#### [Recorded information]
>>>
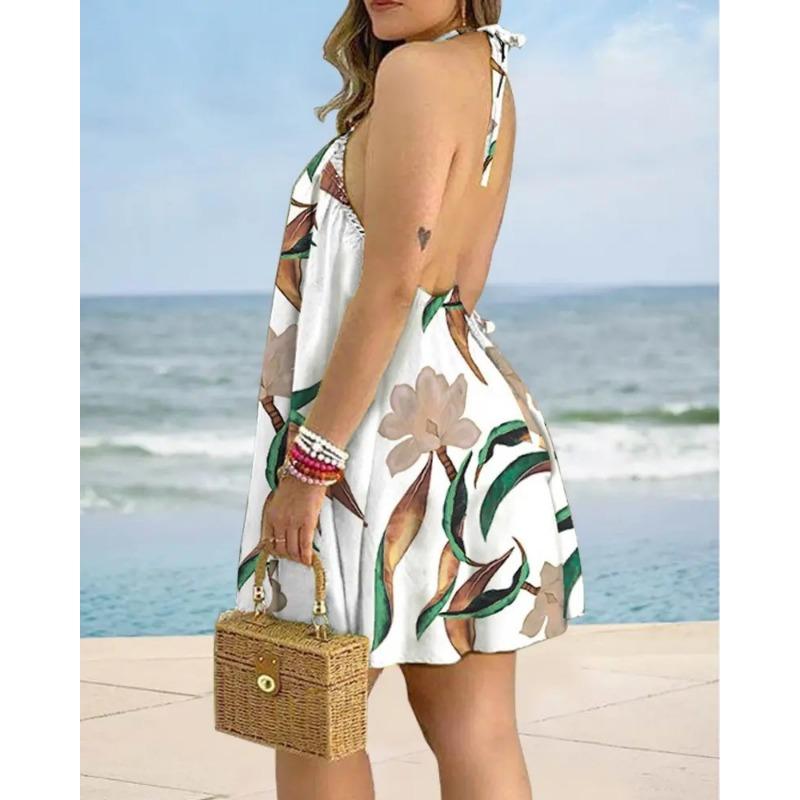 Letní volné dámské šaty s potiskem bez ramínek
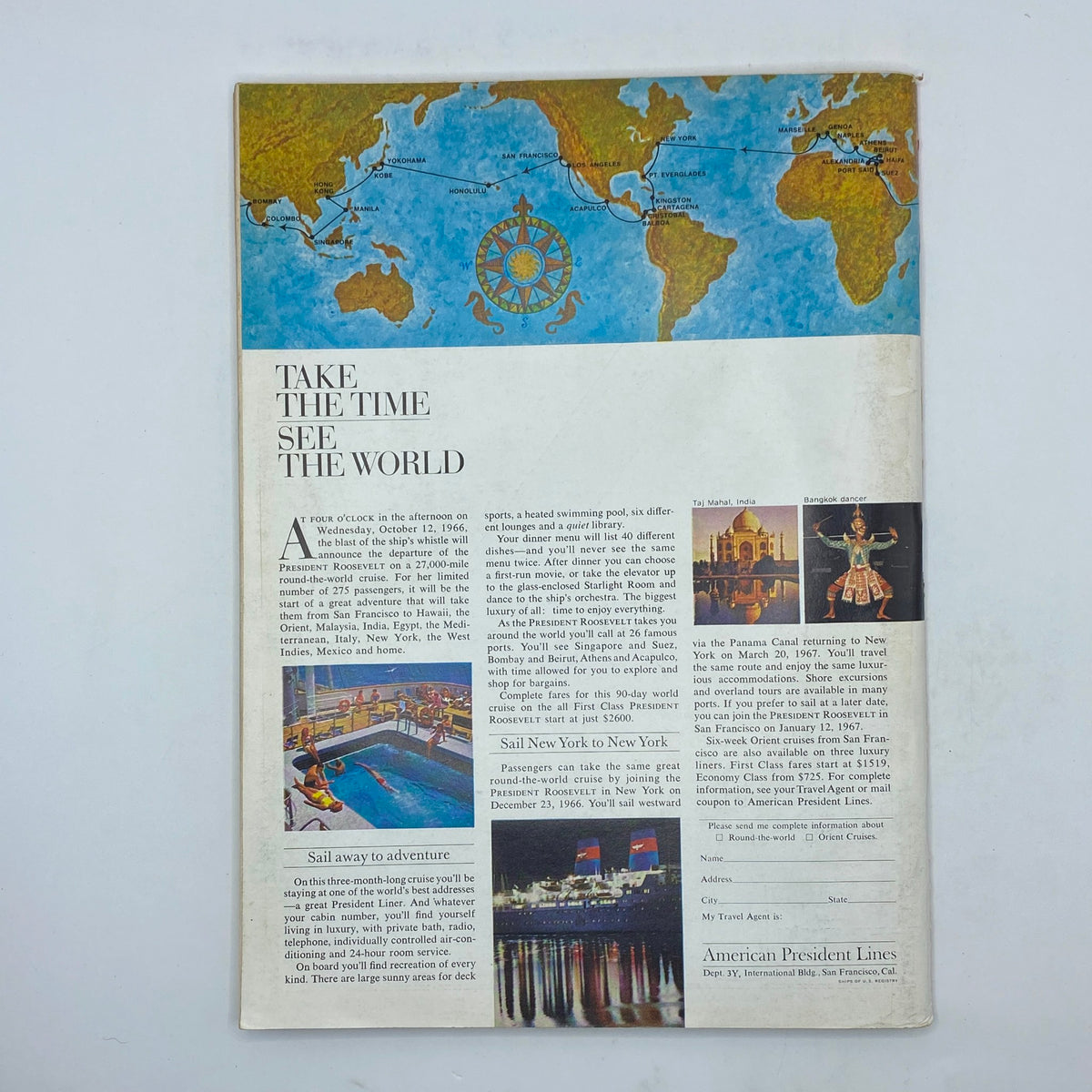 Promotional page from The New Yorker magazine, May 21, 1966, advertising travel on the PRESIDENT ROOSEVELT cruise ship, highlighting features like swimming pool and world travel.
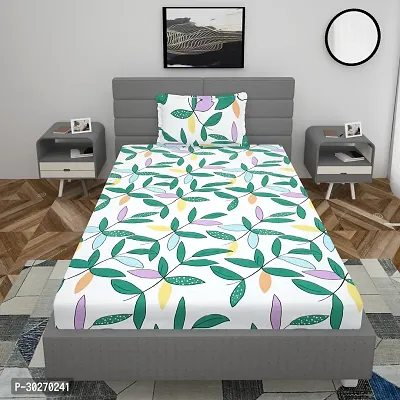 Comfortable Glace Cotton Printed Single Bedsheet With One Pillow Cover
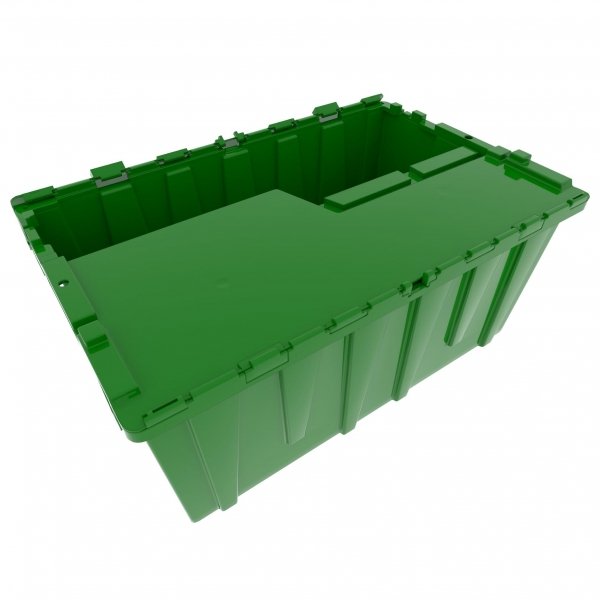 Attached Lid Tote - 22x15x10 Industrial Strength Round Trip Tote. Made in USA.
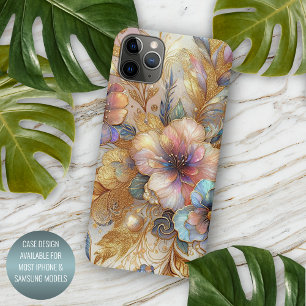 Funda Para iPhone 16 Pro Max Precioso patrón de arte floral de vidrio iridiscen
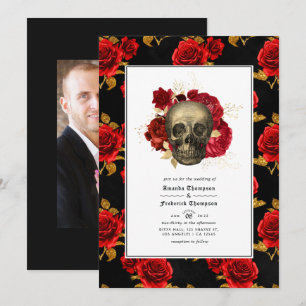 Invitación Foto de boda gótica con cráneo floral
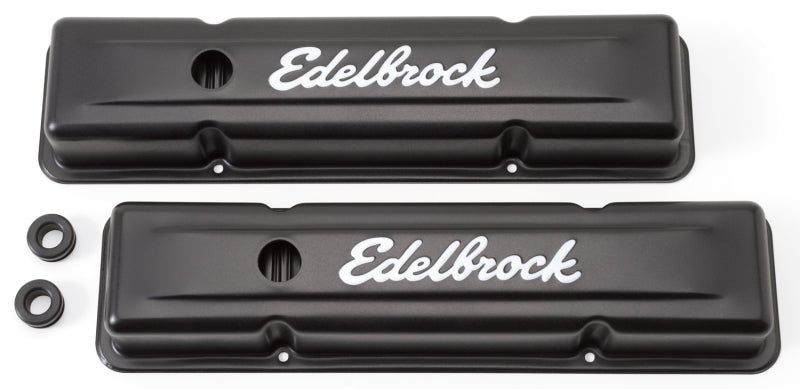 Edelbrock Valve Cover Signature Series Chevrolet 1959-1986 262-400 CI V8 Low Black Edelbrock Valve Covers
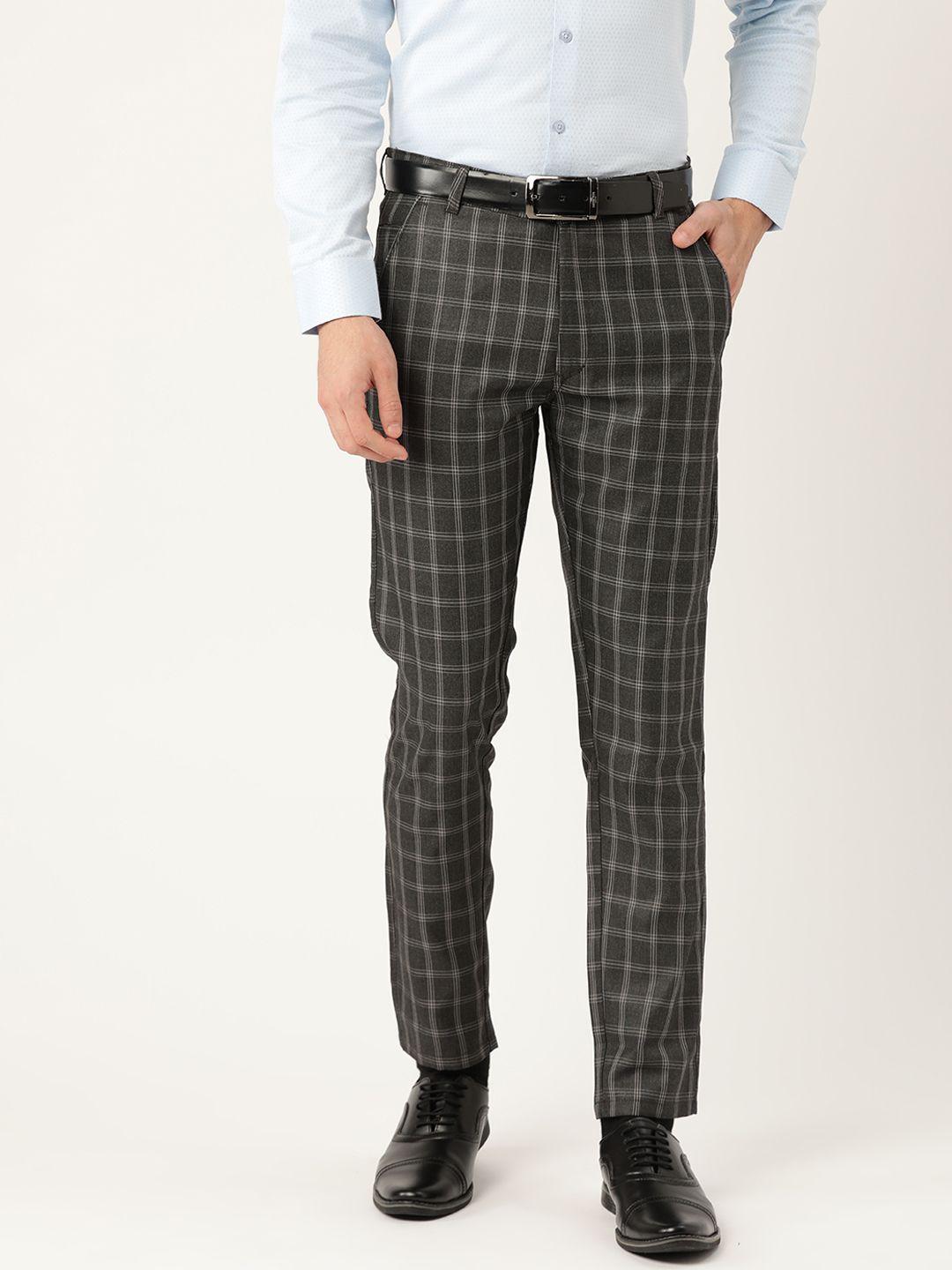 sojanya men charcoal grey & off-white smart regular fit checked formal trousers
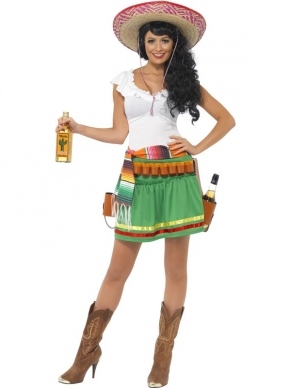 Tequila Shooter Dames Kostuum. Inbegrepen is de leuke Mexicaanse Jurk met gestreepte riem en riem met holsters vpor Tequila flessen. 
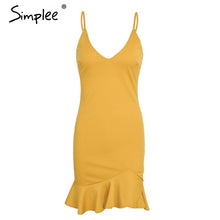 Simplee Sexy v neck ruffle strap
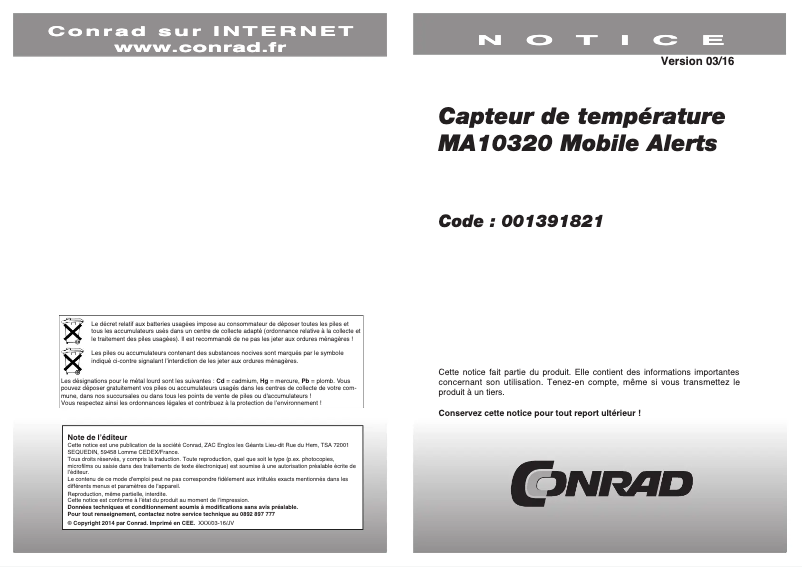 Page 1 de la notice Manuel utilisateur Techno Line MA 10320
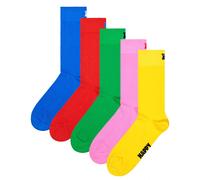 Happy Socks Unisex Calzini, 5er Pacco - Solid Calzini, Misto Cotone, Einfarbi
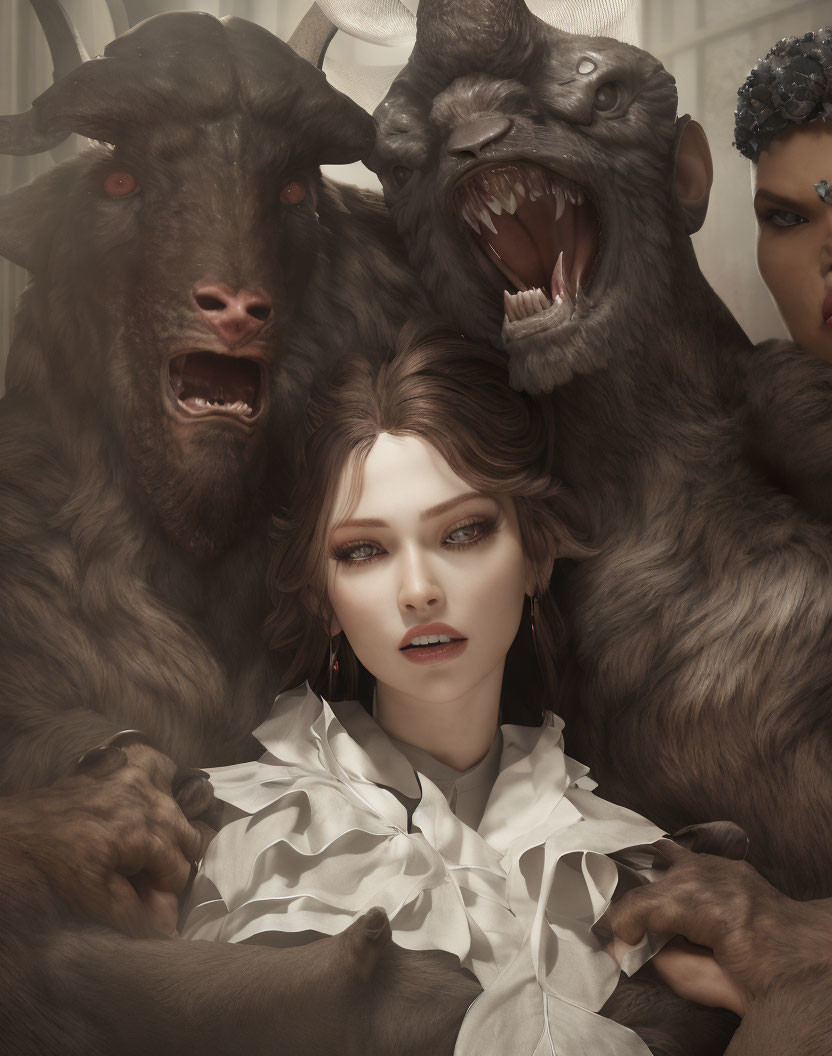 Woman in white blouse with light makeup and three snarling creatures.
<<<
#### [What to work on]
Output exactly the lines of the listing above that start with the one holding "Promotional page from" and go on through the one holding "sojanya men charcoal"; leave the pictures out.

#### [Task answer]
 Promotional page from The New Yorker magazine, May 21, 1966, advertising travel on the PRESIDENT ROOSEVELT cruise ship, highlighting features like swimming pool and world travel.
 Comfortable Glace Cotton Printed Single Bedsheet With One Pillow Cover
 Attached Lid Tote - 22x15x10 Industrial Strength Round Trip Tote. Made in USA.
 Funda Para iPhone 16 Pro Max Precioso patrón de arte floral de vidrio iridiscen
 Invitación Foto de boda gótica con cráneo floral
 Edelbrock Valve Cover Signature Series Chevrolet 1959-1986 262-400 CI V8 Low Black Edelbrock Valve Covers
 sojanya men charcoal grey & off-white smart regular fit checked formal trousers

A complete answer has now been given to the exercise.